# [Available data]

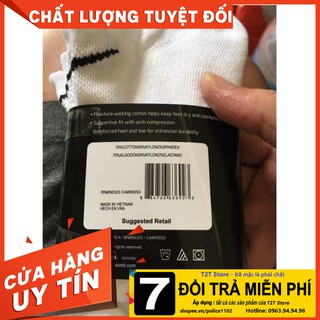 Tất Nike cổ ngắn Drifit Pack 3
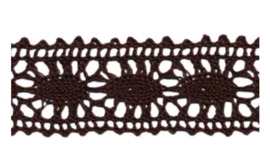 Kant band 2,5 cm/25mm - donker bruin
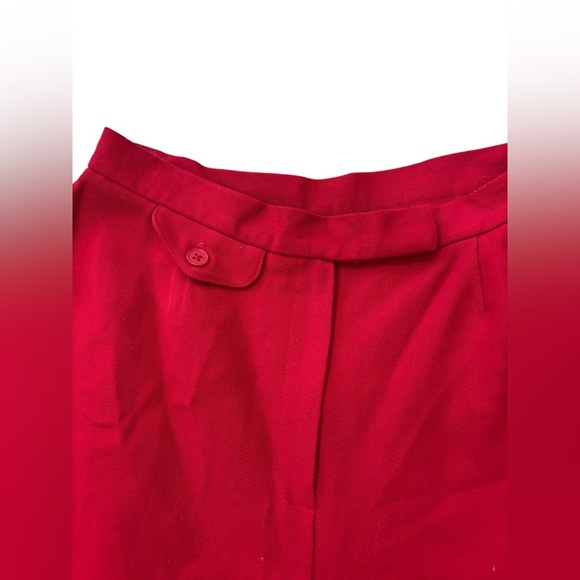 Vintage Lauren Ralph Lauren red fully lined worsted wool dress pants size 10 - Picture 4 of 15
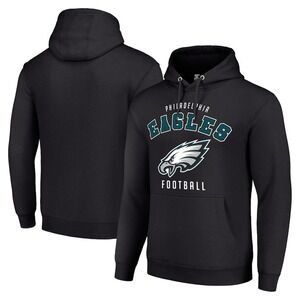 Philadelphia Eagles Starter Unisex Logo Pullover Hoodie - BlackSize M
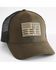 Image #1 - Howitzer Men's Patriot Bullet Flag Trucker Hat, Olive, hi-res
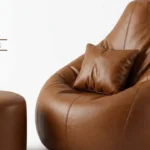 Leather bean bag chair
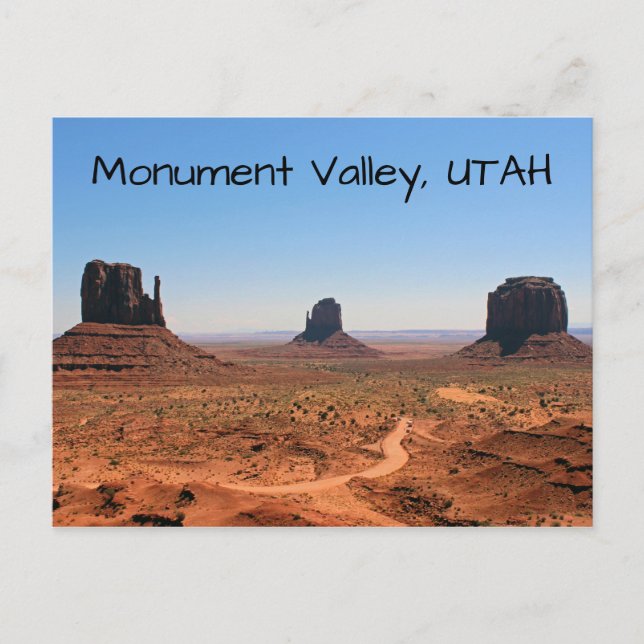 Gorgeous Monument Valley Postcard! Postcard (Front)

--

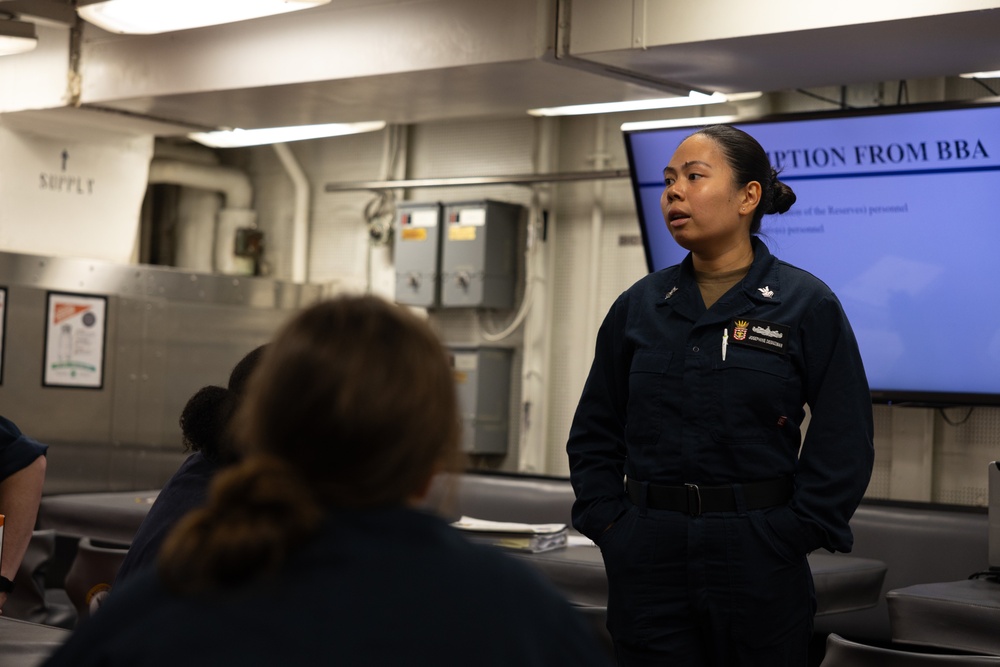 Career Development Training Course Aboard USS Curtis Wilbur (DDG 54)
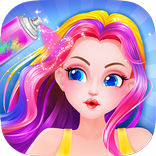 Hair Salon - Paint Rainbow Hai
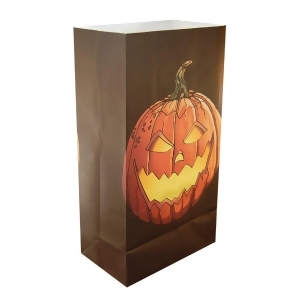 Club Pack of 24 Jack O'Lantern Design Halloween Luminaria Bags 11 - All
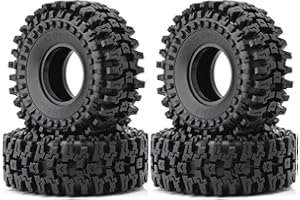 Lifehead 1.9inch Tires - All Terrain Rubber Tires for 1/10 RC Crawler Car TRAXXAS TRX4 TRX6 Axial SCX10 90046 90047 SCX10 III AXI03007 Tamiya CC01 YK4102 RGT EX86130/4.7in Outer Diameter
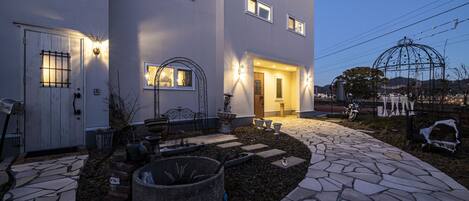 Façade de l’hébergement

# [About this task]
Look above for the line with "Tất Nike cổ ngắn Drifit Pack 3" and the line with "Philadelphia Eagles Starter", then copy exactly the lines from the first through the second, both kept, with no pictures.

# [Task result]
 Tất Nike cổ ngắn Drifit Pack 3
 Kant band 2,5 cm/25mm - donker bruin
 Vintage Lauren Ralph Lauren red fully lined worsted wool dress pants size 10 - Picture 4 of 15
 Philadelphia Eagles Starter Unisex Logo Pullover Hoodie - BlackSize M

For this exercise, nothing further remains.